Moral Briefs – Chapter LXXXVI – An Oft Exploited, But Specious Plea

cover of the ebook 'Moral Briefs' by Father John Henry StapletonIt is not an infrequent occurrence for persons given to the habit of petty thefts and fraud, to seek to justify their irregular conduct by a pretense of justice which they call secret compensation. They stand arraigned before the bar of their conscience on the charge of filching small sums, usually from their employers; they have no will to desist; they therefore plead not guilty, and have nothing so much at heart as to convince themselves that they act within their rights. They elaborate a theory of justice after their ideas, or rather, according to their own desires; they bolster it up with facts that limp all the way from half-truths to downright falsities; and thus acquit themselves of sin, and go their way in peace. A judge is always lenient when he tries his own case.

Secret compensation is the taking surreptitiously from another of the equivalent of what is due to one, of what has been taken and is kept against all justice, in order to indemnify oneself for losses sustained. This sort of a thing, in theory at least, has a perfectly plausible look, nor, in fact, is it contrary to justice, when all the necessary conditions are fulfilled to the letter. But the cases in which these conditions are fulfilled are so few and rare that they may hardly be said to exist at all. It is extremely difficult to find such a case, and nearly always when this practice is resorted to, the order of justice is violated.

And if common sense in the case of any given individual fail to show him this truth, we here quote for his benefit an authority capable of putting all his doubts at rest. The following proposition was advanced: “Domestic servants who adjudge themselves underpaid for services rendered, may appropriate to themselves by stealth a compensation.” This proposition has received the full weight of papal condemnation. It cannot be denied that it applies to all who engage their services for hire. To maintain the contrary is to revolt against the highest authority in the Church; to practice it is purely and simply to sin.

A case is often made out on the grounds that wages are small, work very hard and the laborer therefore insufficiently remunerated. But to conclude therefrom the right to help oneself to the employer’s goods, is a strange manner of reasoning, while it opens the door to all manner of injustice. Where is there a man, whatever his labor and pay, who could not come to the same conclusion? Who may not consider himself ill-paid? And who is there that really thinks he is not worth more than he gets? There is no limit to the value one may put on one’s own services; and he who is justified today in taking a quarter of a dollar, would be equally justified tomorrow in appropriating the whole concern. And then- what becomes of honesty, and the right of property? And what security can anyone have against the private judgment of his neighbor?

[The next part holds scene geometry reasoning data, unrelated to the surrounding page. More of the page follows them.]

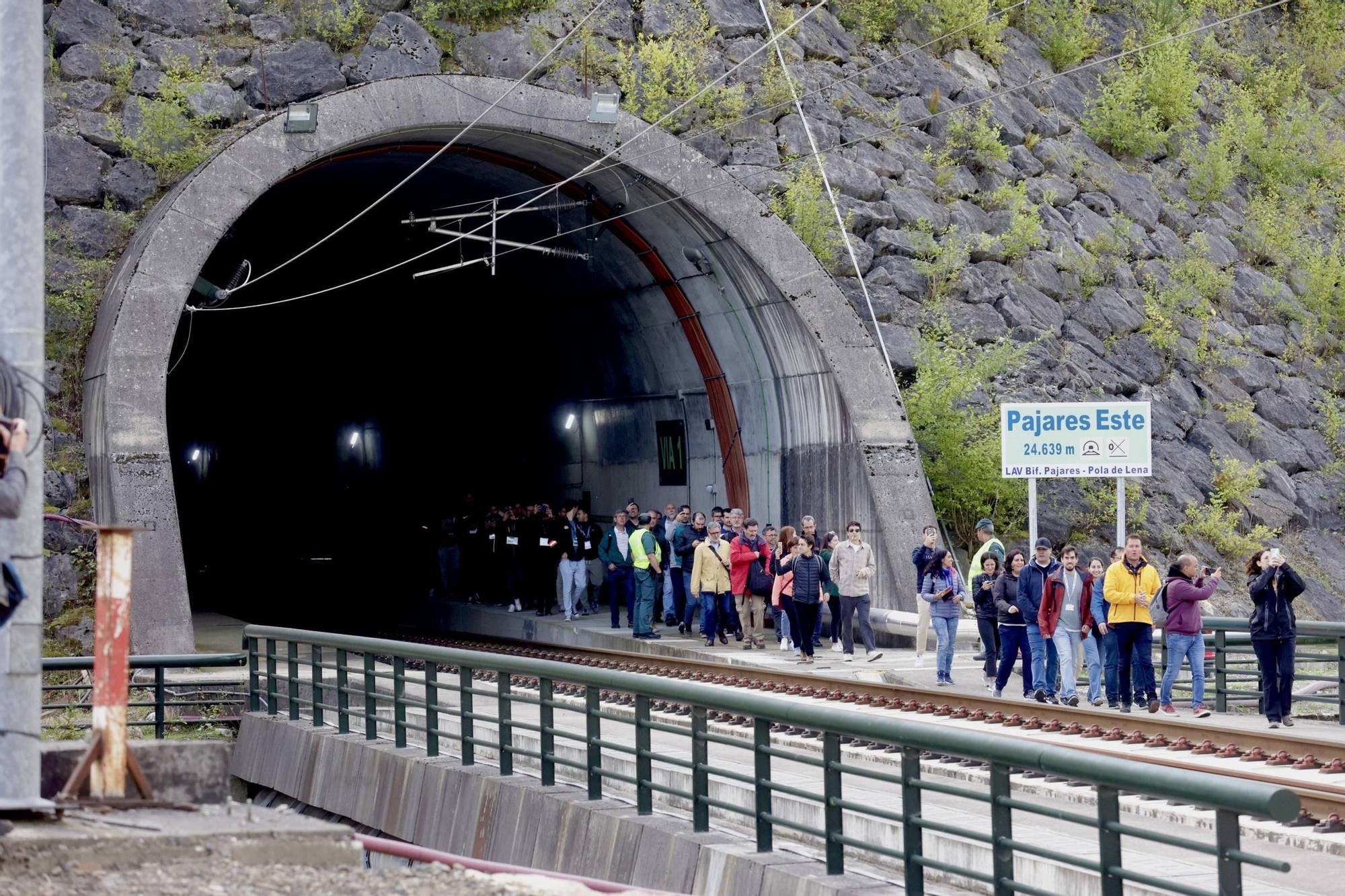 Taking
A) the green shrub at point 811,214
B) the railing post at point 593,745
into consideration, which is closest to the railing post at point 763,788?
the railing post at point 593,745

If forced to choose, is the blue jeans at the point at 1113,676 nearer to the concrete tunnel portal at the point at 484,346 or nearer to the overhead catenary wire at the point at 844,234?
the concrete tunnel portal at the point at 484,346

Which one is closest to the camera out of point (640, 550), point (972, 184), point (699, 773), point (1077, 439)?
point (699, 773)

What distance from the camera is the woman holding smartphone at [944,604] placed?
1627cm

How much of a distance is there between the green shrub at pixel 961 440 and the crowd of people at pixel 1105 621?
23.2 ft

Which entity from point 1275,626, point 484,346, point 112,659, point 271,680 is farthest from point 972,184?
point 112,659

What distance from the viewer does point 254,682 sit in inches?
576

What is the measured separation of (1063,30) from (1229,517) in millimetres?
11893

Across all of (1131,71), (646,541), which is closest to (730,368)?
(646,541)

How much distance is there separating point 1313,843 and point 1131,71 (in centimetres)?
2600

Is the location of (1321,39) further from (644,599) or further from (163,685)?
(163,685)

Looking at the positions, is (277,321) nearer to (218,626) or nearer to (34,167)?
(218,626)

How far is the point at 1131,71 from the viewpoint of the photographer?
31.5 meters

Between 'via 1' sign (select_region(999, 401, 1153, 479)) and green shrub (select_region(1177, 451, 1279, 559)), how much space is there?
5.68 m

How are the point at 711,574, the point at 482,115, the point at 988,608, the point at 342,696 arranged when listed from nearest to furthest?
the point at 342,696 < the point at 988,608 < the point at 711,574 < the point at 482,115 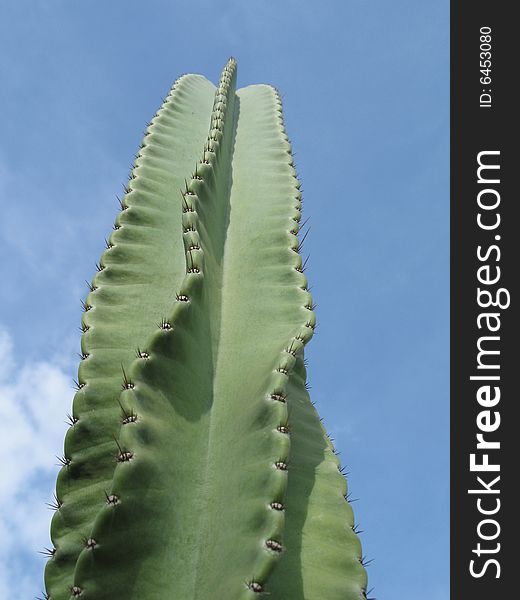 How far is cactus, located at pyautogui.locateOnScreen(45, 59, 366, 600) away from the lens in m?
2.31

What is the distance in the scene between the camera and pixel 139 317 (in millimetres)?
3205

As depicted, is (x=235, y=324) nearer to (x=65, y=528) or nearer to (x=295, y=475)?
(x=295, y=475)

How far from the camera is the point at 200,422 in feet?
8.77

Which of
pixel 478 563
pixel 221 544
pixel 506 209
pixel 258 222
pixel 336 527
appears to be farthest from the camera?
pixel 506 209

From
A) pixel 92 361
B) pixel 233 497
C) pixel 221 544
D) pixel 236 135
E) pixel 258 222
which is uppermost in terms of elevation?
pixel 236 135

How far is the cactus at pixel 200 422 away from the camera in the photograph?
7.59ft

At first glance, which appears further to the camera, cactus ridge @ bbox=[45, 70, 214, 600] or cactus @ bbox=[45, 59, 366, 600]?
cactus ridge @ bbox=[45, 70, 214, 600]

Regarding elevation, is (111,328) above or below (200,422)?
above

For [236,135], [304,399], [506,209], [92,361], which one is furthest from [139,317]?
[506,209]

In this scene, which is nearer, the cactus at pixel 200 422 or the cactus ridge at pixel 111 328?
the cactus at pixel 200 422

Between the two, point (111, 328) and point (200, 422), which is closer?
point (200, 422)

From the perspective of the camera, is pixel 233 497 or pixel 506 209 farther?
pixel 506 209

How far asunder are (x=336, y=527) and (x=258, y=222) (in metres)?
1.72

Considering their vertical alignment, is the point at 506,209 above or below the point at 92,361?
above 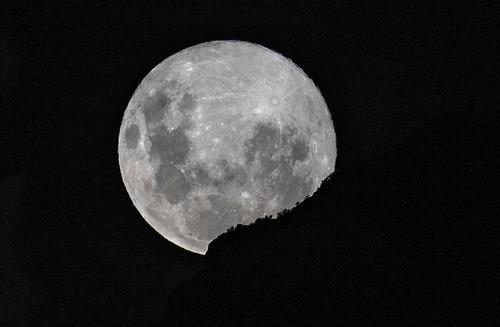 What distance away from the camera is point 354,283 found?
187cm

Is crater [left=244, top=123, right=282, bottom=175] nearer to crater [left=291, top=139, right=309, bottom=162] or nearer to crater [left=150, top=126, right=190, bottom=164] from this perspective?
crater [left=291, top=139, right=309, bottom=162]

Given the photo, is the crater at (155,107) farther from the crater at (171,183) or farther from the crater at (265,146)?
the crater at (265,146)

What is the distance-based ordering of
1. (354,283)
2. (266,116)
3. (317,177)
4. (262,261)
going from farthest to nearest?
1. (317,177)
2. (266,116)
3. (262,261)
4. (354,283)

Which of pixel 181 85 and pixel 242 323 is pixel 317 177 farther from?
pixel 242 323

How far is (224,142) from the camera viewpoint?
4.80 m

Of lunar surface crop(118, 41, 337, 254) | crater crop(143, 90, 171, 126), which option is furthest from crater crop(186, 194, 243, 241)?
crater crop(143, 90, 171, 126)

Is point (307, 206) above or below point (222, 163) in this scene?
below

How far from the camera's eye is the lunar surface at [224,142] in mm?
4824

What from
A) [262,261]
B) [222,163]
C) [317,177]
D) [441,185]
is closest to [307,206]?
[262,261]

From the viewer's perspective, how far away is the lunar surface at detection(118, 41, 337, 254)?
4824 millimetres

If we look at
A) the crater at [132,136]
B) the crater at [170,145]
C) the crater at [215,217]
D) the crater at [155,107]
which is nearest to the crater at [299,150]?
the crater at [215,217]

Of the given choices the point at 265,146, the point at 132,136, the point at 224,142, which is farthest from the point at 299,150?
the point at 132,136

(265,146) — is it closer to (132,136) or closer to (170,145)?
(170,145)

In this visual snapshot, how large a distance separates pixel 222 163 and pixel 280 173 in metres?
0.59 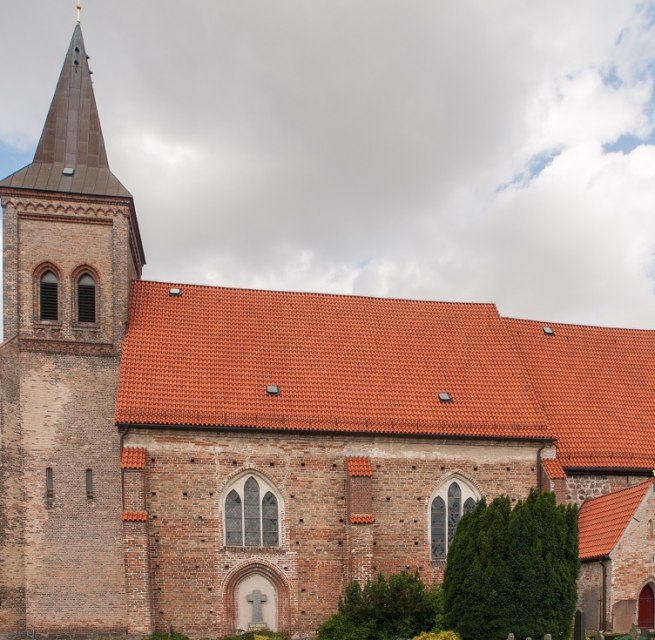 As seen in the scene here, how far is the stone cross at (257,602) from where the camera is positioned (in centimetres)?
2269

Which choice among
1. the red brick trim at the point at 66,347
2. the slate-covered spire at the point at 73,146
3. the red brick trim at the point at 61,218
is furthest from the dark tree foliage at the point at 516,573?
the slate-covered spire at the point at 73,146

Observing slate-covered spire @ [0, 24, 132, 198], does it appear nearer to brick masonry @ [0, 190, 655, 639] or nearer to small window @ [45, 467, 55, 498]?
brick masonry @ [0, 190, 655, 639]

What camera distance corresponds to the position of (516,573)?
1927 cm

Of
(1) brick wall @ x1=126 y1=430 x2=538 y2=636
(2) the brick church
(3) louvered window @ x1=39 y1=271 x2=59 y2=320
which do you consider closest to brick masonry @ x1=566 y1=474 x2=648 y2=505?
(2) the brick church

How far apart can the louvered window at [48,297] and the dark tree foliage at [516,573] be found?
12654 mm

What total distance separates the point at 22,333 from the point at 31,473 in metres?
3.81

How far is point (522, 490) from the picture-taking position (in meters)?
24.7

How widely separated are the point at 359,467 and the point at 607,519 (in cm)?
655

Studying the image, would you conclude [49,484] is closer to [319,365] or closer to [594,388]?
[319,365]

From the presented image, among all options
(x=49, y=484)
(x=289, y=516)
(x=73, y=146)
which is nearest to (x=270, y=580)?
(x=289, y=516)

And what about the contract according to the terms of which you are to give your services and to receive in return a stipulated amount? Was there any clause therein by which you are entitled to change the terms of said contract without consulting the other party interested? You don’t think he would mind it. You don’t think anything of the kind; you know he will and does mind it. He may be generous, but he is not a fool.

“But I make up for it. I work overtime, work harder, am more attentive to my work; and thereby save more for my employer than I take.” Here you contradict yourself. You are therefore not under-paid. And if you furnish a greater amount of labor than is expected of you, that is your business and your free choice. And the right you have to a compensation for such extra labor is entirely dependent on the free will of your employer. People usually pay for what they call for; services uncalled for are gratuitous services. To think otherwise betokens a befuddled state of mind.

“But I am forced to work harder and longer than we agreed.” Then it is up to you to remonstrate with your employer, to state the case as it is and to ask for a raise. If he refuses, then his refusal is your cue to quit and go elsewhere. It means that your services are no longer required. It means, at any rate, that you have to stand the cut or seek to better your condition under other employers. It is hard! Of course it is hard, but no harder than a great many other things we have to put up with.

If my neighbor holds unjustly what belongs to me, or if he has failed to repair damages caused, to recover my losses by secret compensation has the same degree of malice and disorder. The law is instituted for just such purposes; you have recourse thereto. You may prosecute and get damages. If the courts fail to give you justice, then perhaps there may be occasion to discuss the merits of the secret compensation theory. But you had better get the advice of some competent person before you a.ttempt to put it in practice; otherwise you are liable to get into a bigger hole than the one you are trying to get out of.

Sometimes the bold assertion is advanced that the employer knows perfectly that he is being systematically robbed and tolerates it. It is incumbent on this party to prove his assertion in a very simple way. Let him denounce himself to his employer and allow the truth or falsity thereof hang on the result. If he does not lose his job inside of twenty-four hours after the interview, he may continue his peculations in perfect tranquillity of conscience. If he escapes prosecution through the consideration of his former employer, he must take it for granted that the toleration he spoke of was of a very general nature, the natural stand for a man to take who is being robbed and cannot help it. To justify oneself on such a principle is to put a premium on shrewd dishonesty.